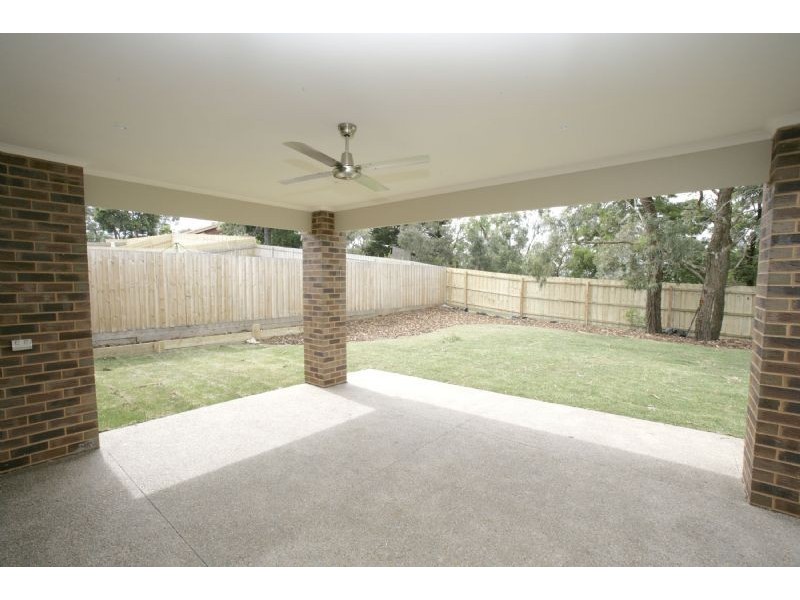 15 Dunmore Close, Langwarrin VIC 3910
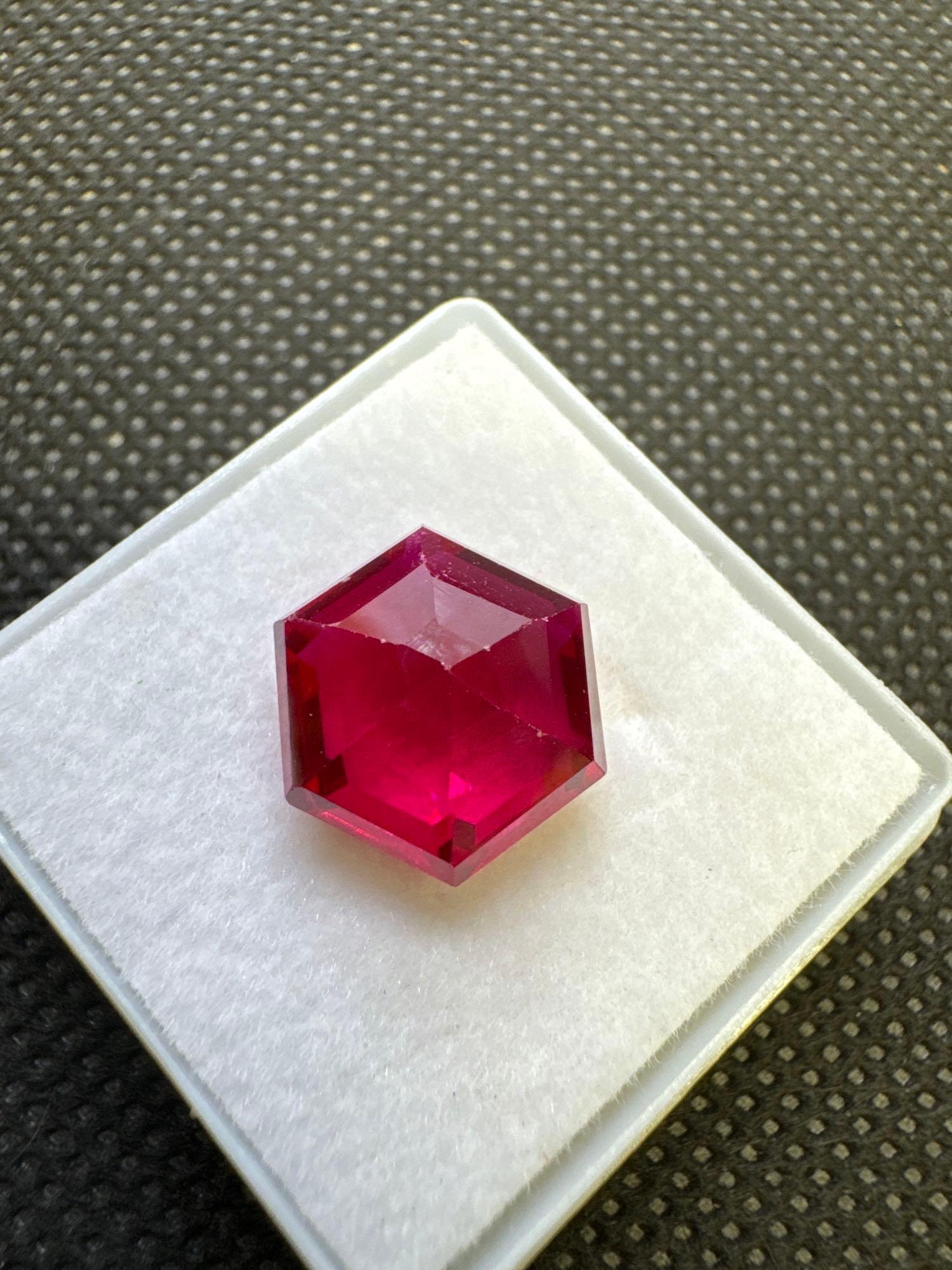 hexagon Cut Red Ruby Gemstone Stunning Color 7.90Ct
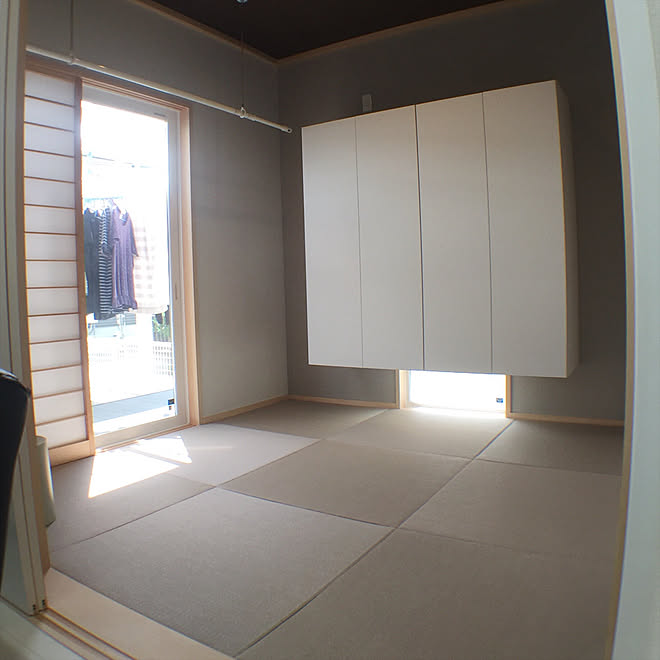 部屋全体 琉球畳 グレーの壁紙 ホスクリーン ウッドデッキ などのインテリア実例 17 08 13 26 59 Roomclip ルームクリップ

--

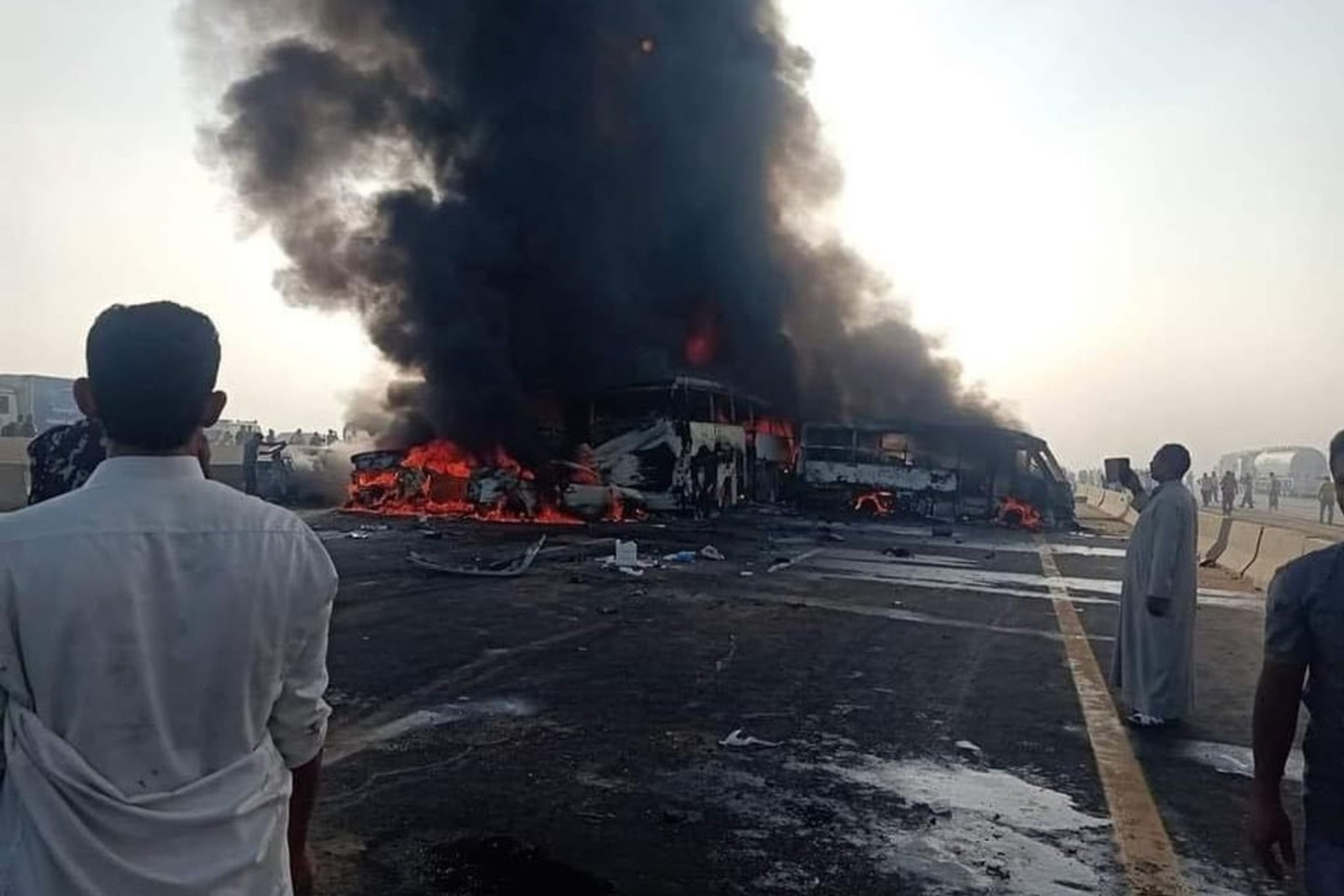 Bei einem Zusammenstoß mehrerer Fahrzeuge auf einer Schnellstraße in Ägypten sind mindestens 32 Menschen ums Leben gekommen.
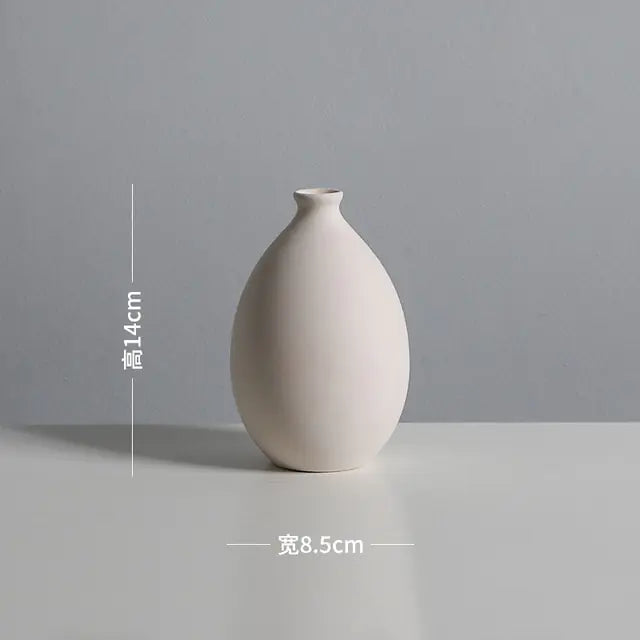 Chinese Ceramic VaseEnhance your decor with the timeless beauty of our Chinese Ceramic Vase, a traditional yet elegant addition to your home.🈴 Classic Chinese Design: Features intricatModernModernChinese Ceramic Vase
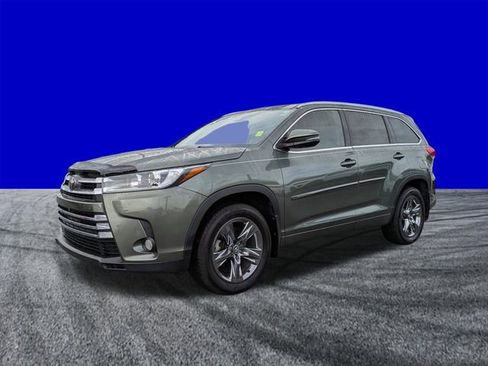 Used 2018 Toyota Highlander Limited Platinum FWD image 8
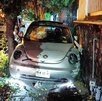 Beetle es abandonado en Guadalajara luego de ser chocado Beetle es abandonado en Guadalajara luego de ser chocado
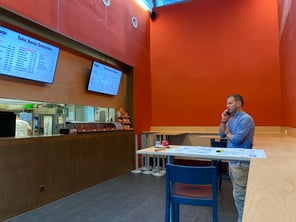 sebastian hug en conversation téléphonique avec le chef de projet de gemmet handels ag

==

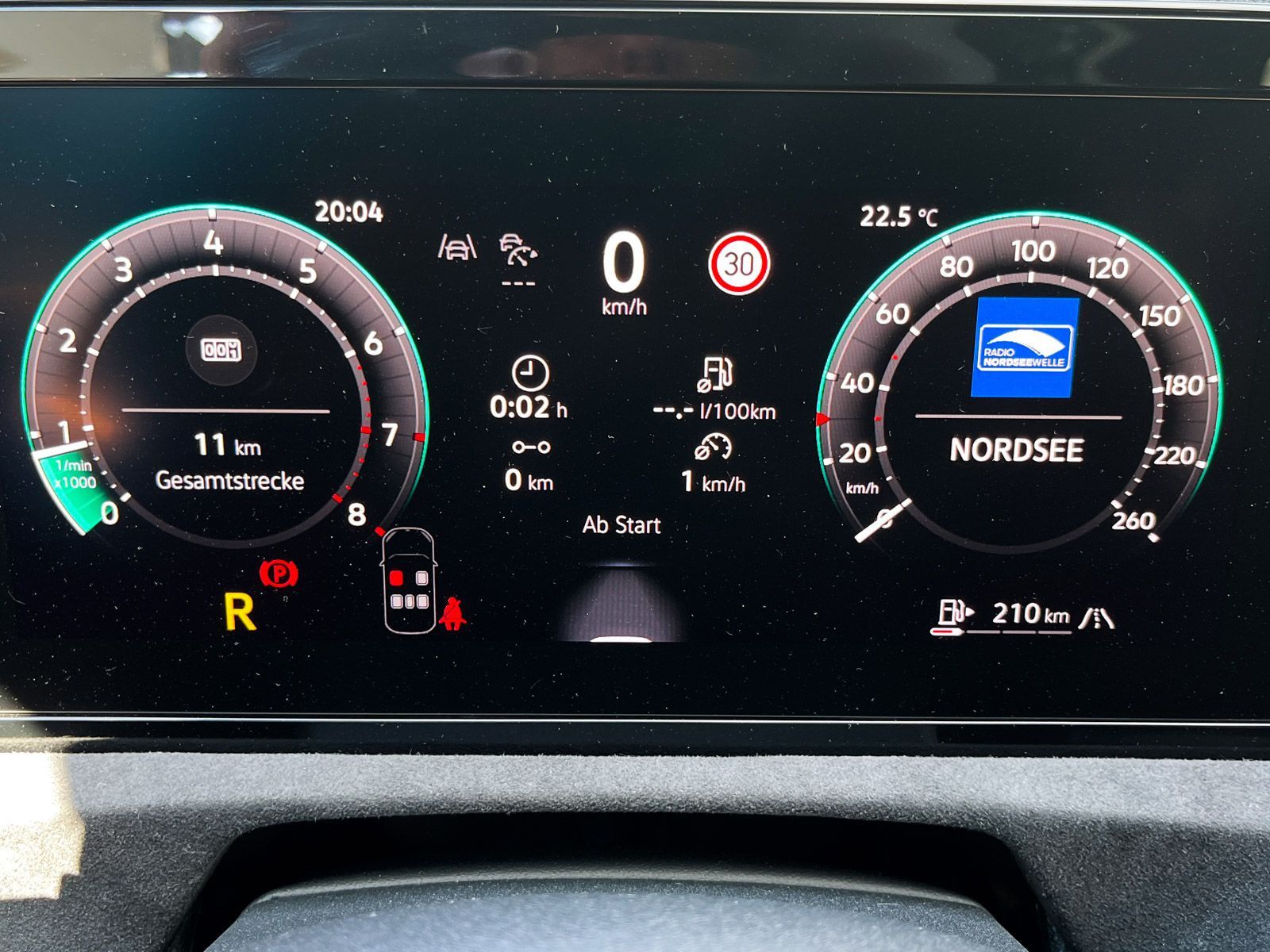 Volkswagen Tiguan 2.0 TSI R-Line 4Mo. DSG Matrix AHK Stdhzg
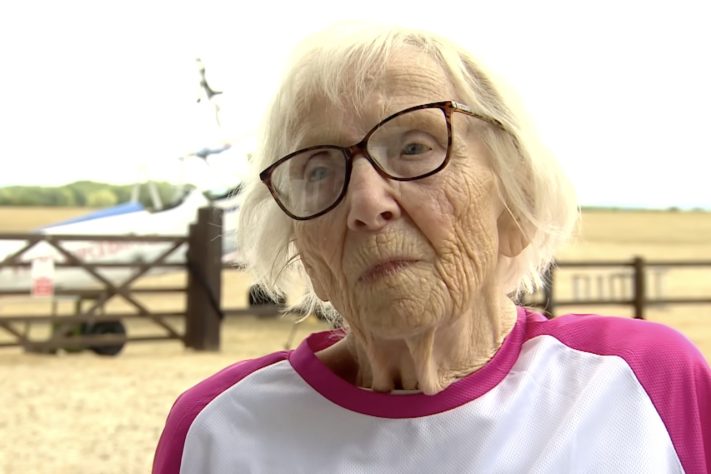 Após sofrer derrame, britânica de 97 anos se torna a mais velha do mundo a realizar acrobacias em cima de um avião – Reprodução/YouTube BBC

- Description of the task -
From the records above, output only the lines starting at the one containing "hexagon Cut Red" and ending at the one containing "部屋全体 琉球畳 グレーの壁紙", word for word. Pictures stay out.

- Result -
 hexagon Cut Red Ruby Gemstone Stunning Color 7.90Ct
 部屋全体 琉球畳 グレーの壁紙 ホスクリーン ウッドデッキ などのインテリア実例 17 08 13 26 59 Roomclip ルームクリップ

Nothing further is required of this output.